Brett Kavanaugh Is Long Past His Sell-by Date as a Credible Human

I have been speaking with a number of people on the other side. We’ve had conversations ongoing for a while with regard to making sure that we do due diligence here….

— Senator Jeff Flake, Arizona Republican, September 28, 2018

When Jeff Flake says he’s been talking with people on the other side about doing due diligence regarding the Brett Kavanaugh Supreme Court nomination, that’s the sound of hypocrisy talking. Flake’s party destroyed due diligence the moment it decided to keep most of the records of Kavanaugh’s government service secret. Think about that. It doesn’t seem the Democrats thought much about it. They made some token complaints before rolling over and saying, in effect, that’s OK, this guy worked for the executive branch on polarizing, partisan issues for years, but we don’t really need to know what he did even though taxpayers were paying him to do it.

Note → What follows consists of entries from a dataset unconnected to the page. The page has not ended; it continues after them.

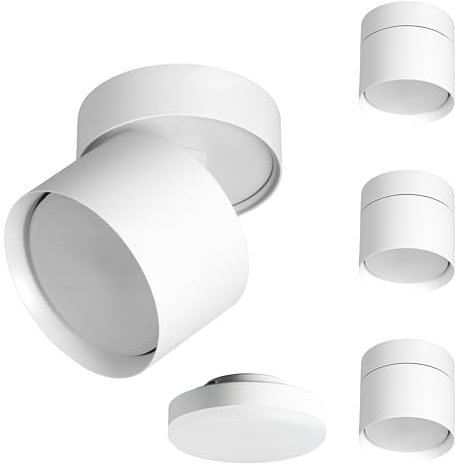 LED Deckenspot Aufbaustrahler, weiße Farbe, Aufbauspot schwenkbar Deckenstrahler 230V, Deckenleuchte mit GX53 Fassung Deckenlampe Aufputz Spots aus Aluminium, Aufbauleuchte Rund 4 Stück (4)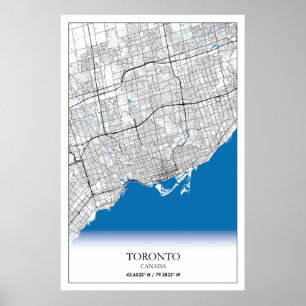 Poster Mapa da cidade Viagem de Toronto Ontario Canadá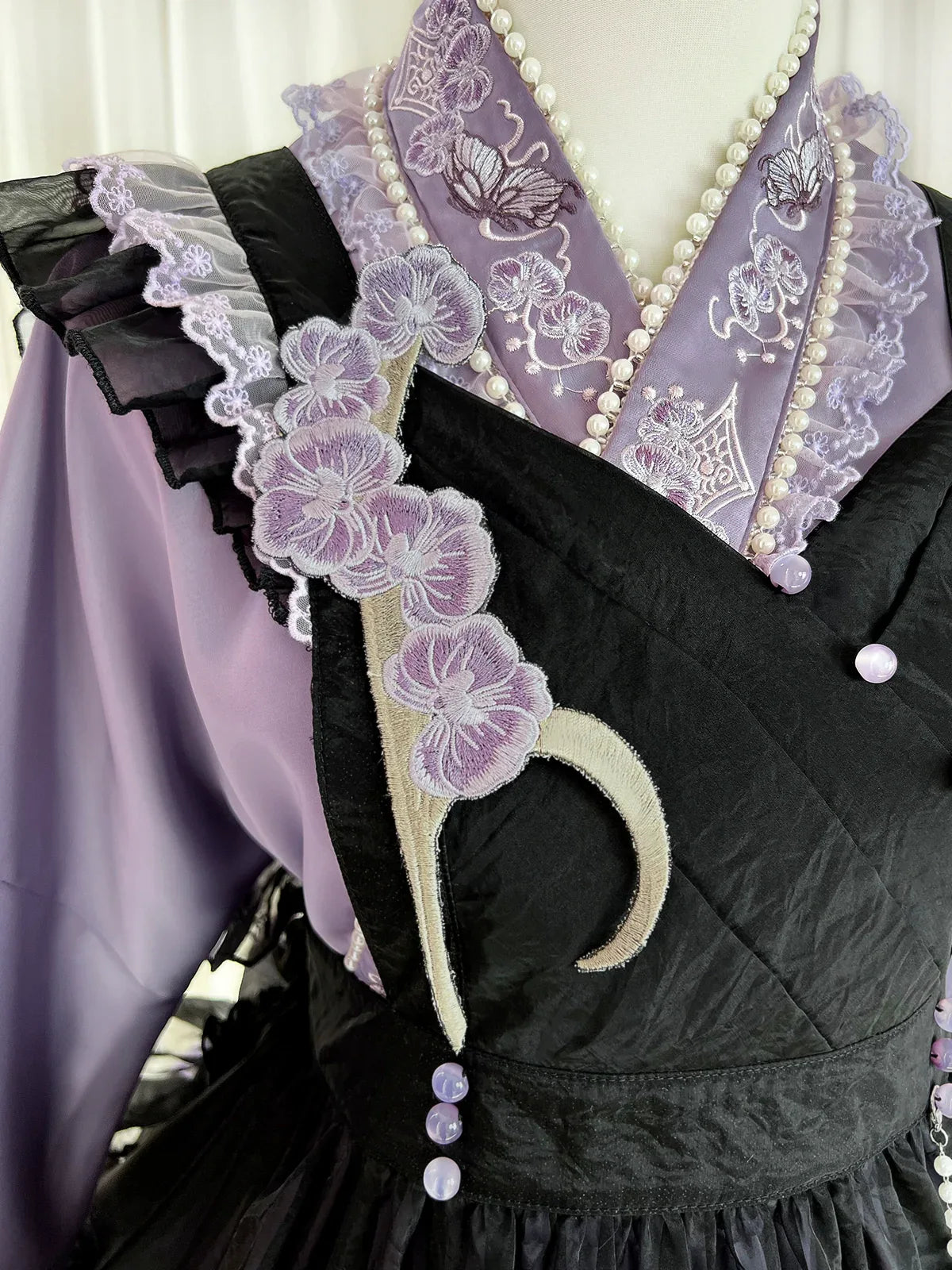 Chinese-Inspired Purple Lolita Dress – Elegant Daily Wear with Apron, Vintage Maid Style & Cottagecore Touch - Yandan_Hanfu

Seriously, whatever his involvement with Vince Foster’s suicide or the Starr investigation into Monica Lewinsky or shutting down the vote count in the 2000 election or building a bogus case for an illegal war in Iraq or developing justifications for torture and other war crimes, we don’t need to know about any of that. And so we don’t.

A bipartisan conspiracy of silence was treated as a reasonable approach to vetting a chronic liar whose known views would take this country in the opposite direction from where a majority of the people appear to want it to go. With that corrupt two-party bargain in place, the risk of an actual, factual record for the candidate was too great a risk to take. And then Dr. Christine Blasey Ford finally emerged with a credible tale of Kavanaugh and Mark Judge, both drunk and laughing hysterically, trying to rape her in an eerie enactment of a “devil’s triangle” (which Kavanaugh, with presumably unintended irony, would later testify falsely was a “drinking game” – a game for the drinkers, perhaps, but not so much the victim). This was one of the lesser dark areas of Kavanaugh’s case that persuaded Jeff Flake to play both sides of the aisle to no clear purpose (continuing his September 28 statement):

And I think it would be proper to delay the floor vote for up to, but not more than, one week in order to let the FBI continue—to do an investigation, limited in time and scope, to the current allegations that are there, and limit in time to no more than one week….

Acting as if he were proposing something brave, Flake suggested postponing the floor vote, not the committee vote, a gesture that is so antithetical to itself as to be a moral cypher. If there is reason to postpone the floor vote, then there is at least as much reason to postpone the committee. The committee vote by definition pre-judges the floor vote. The committee vote maintains the nomination’s momentum, even as Flake pretends to pause for reflection while the FBI investigates.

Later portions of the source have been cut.